** DATASET CONTENT follows **
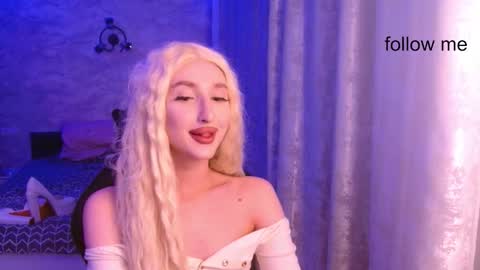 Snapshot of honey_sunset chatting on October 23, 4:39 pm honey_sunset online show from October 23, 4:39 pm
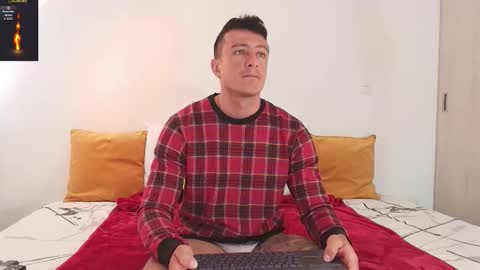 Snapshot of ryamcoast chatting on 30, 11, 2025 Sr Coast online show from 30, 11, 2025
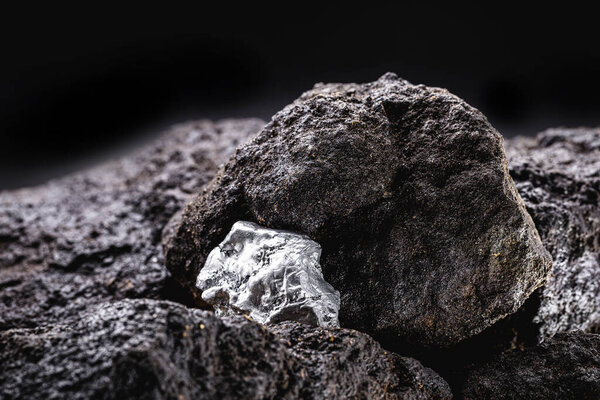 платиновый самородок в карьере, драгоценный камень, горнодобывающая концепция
** End of DATASET CONTENT **
** DATASET CONTENT follows **
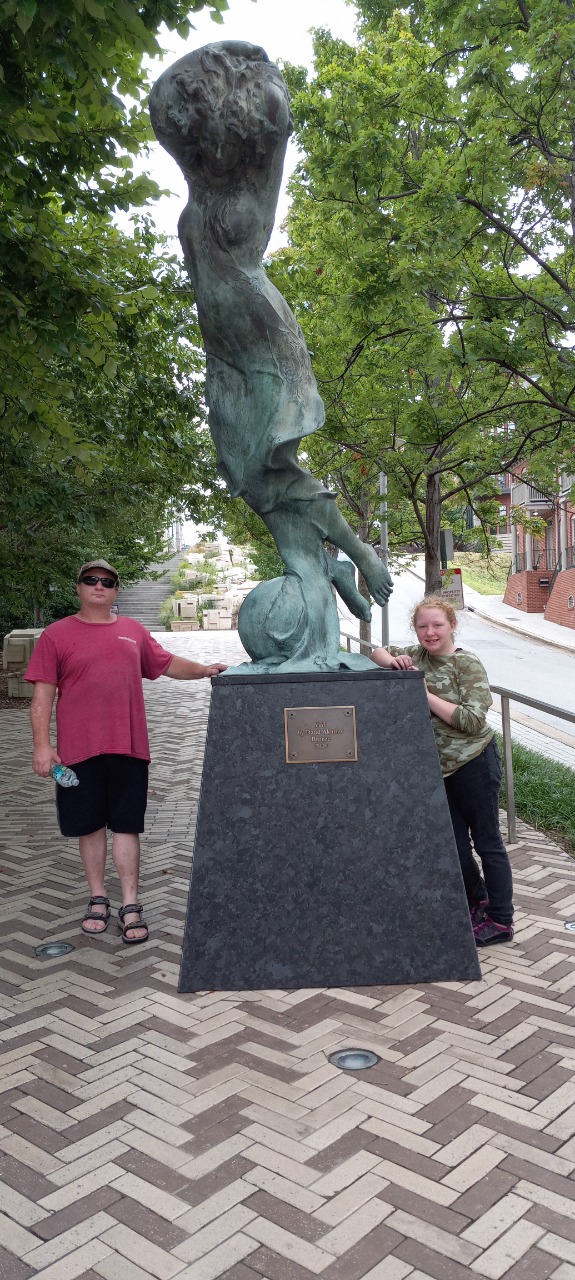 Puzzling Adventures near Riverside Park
** End of DATASET CONTENT **
◆ **ABOUT THIS TASK**
Repeat exactly the stretch of the listing above that starts with the line holding "Snapshot of ryamcoast" and finishes with the line holding "платиновый самородок в", both included. Skip every picture.

◆ **SOLUTION FOR THIS PROBLEM**
 Snapshot of ryamcoast chatting on 30, 11, 2025 Sr Coast online show from 30, 11, 2025
 платиновый самородок в карьере, драгоценный камень, горнодобывающая концепция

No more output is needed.